Only the lines below from the one that holds "Actos cívicos y" through the one that holds "Propriedade única com" should appear in the answer, copied exactly, end lines included and pictures omitted.

[Captioned web images]
= = = =

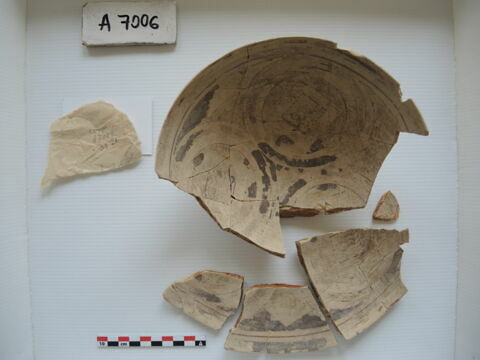 vase, image 1/1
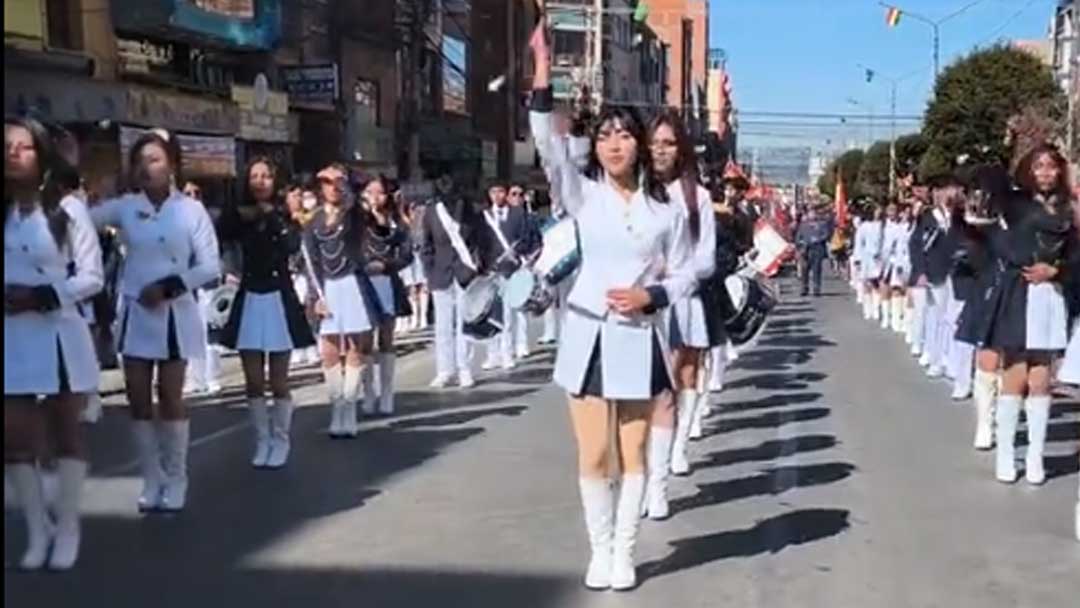 Actos cívicos y desfiles en los distritos de El Alto por el Día de la Independencia de Bolivia.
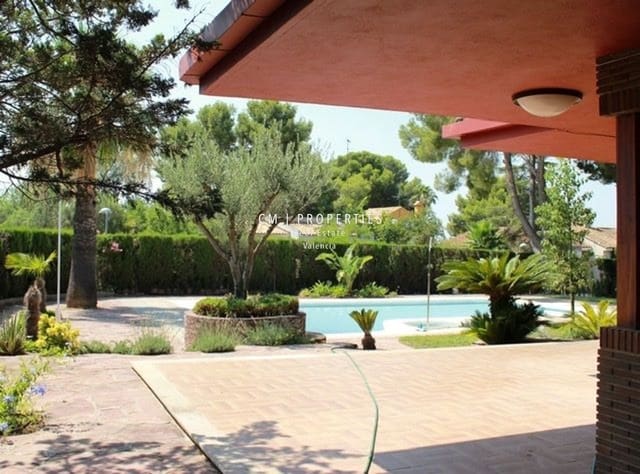 6 sypialnia Willa do wynajęcia w La Cañada, Paterna z basenem garażem - 3 500 € (Ref: 9158397)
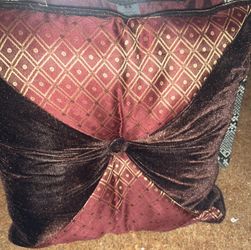 Accent Pillow 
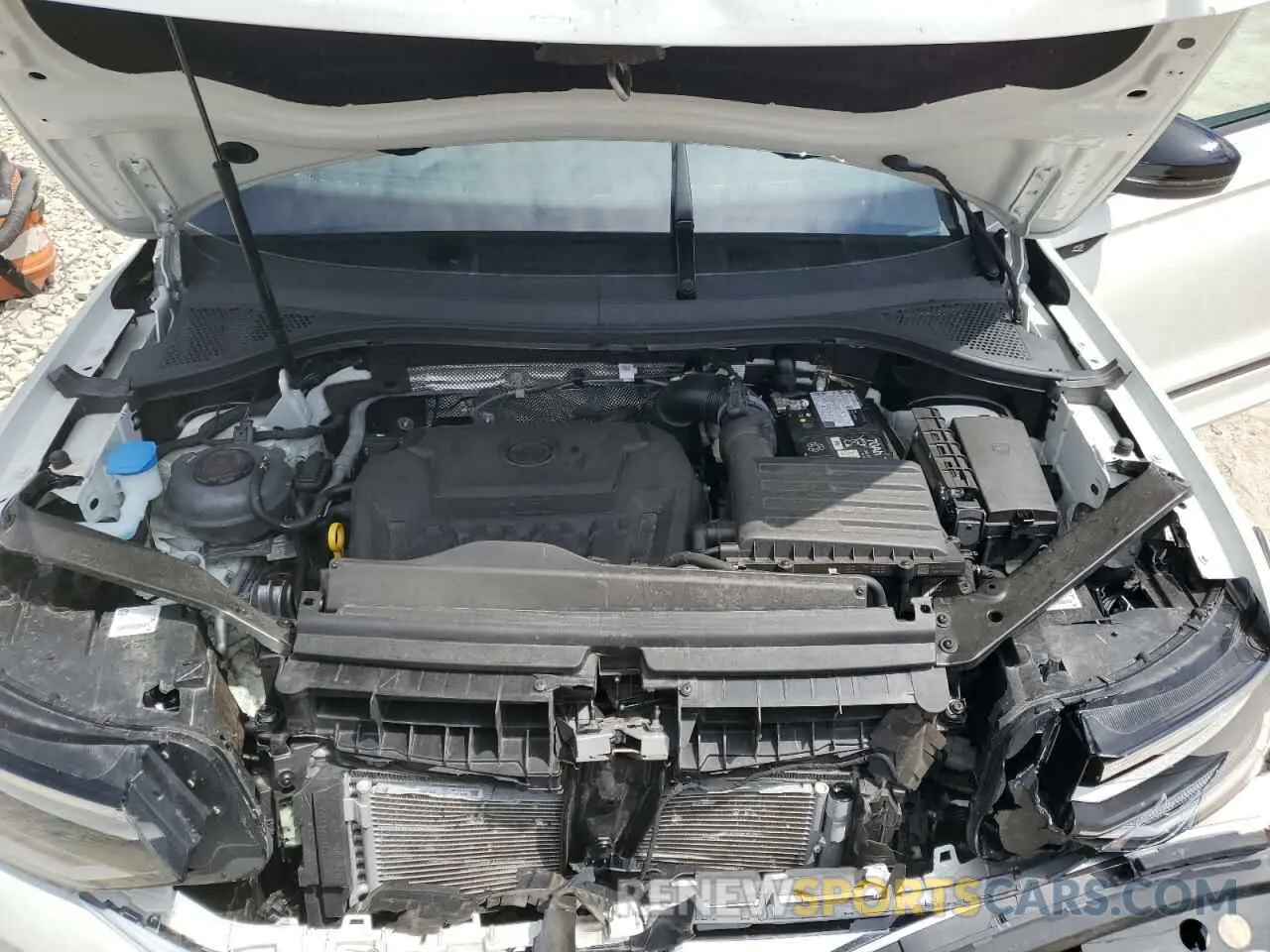 11 Photograph of a damaged car 3VV8B7AX4RM017767 VOLKSWAGEN TIGUAN 2024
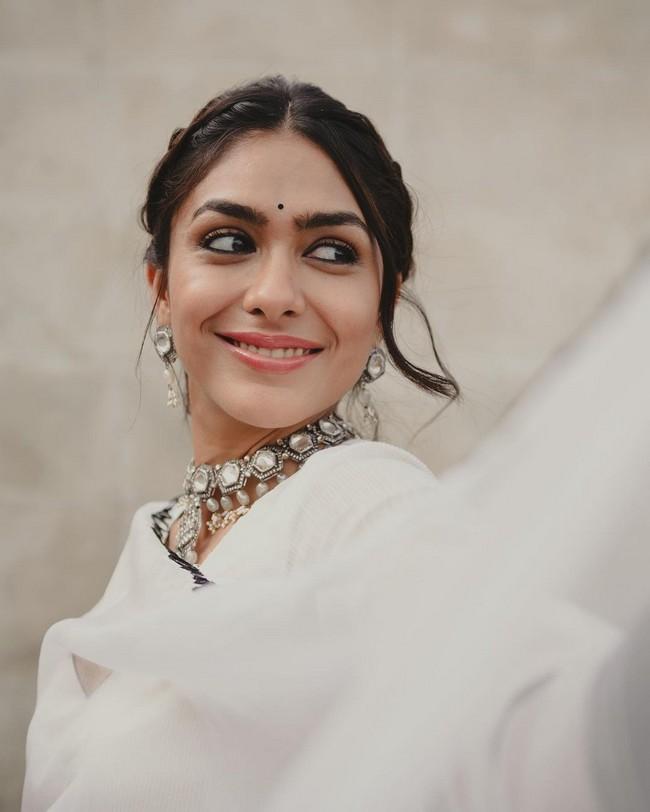 Mrunal Thakur 9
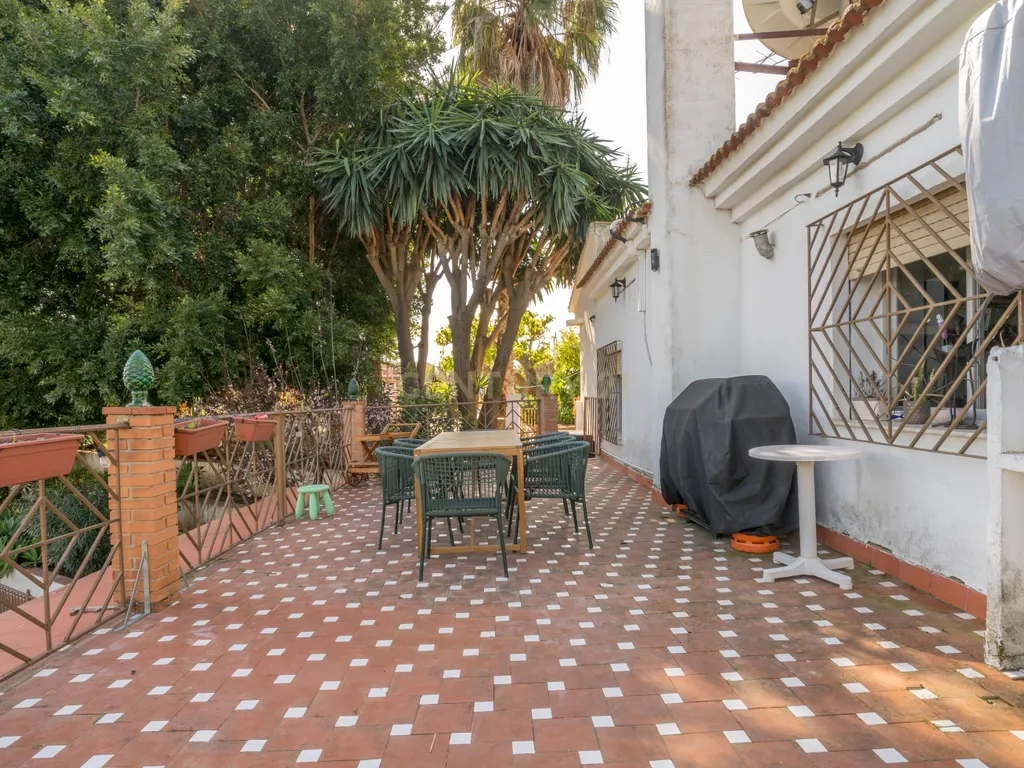 Propriedade única com 2 habitações independentes, piscina e zona desportiva em Alhaurín de la Torre - Image 39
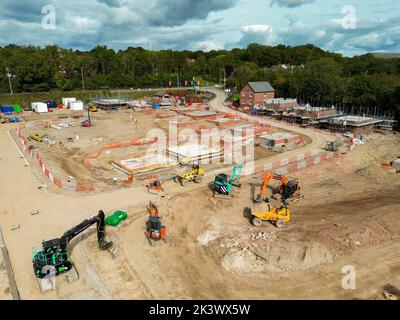 Pontypridd, pays de Galles - août 2022 : vue aérienne des premières étapes d'un nouveau développement de logements par le promoteur Bellway Homes, dans le sud du pays de Galles Banque D'Images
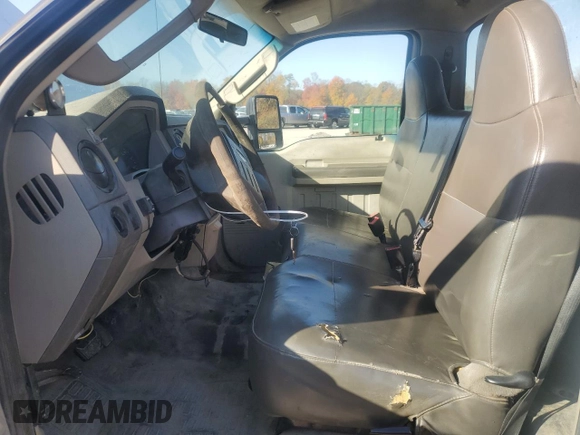2010 Ford F-350 with VIN 1FTWF3B52AEB17683, listed as a Copart auction lot 76751624 with 137,111 mi miles and Salvage title. Bid and sale history available at DreamBid. Image 7.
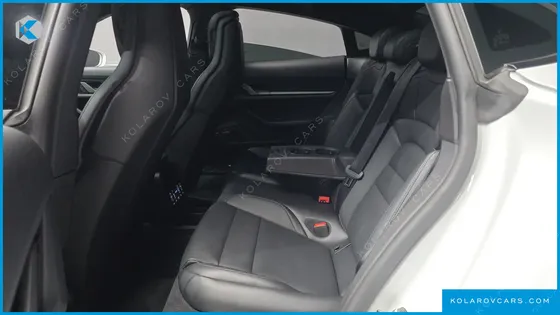 PORSCHE TAYCAN BASE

= = = =

Answer to the problem:
 Actos cívicos y desfiles en los distritos de El Alto por el Día de la Independencia de Bolivia.
 6 sypialnia Willa do wynajęcia w La Cañada, Paterna z basenem garażem - 3 500 € (Ref: 9158397)
 Accent Pillow 
 11 Photograph of a damaged car 3VV8B7AX4RM017767 VOLKSWAGEN TIGUAN 2024
 Mrunal Thakur 9
 Propriedade única com 2 habitações independentes, piscina e zona desportiva em Alhaurín de la Torre - Image 39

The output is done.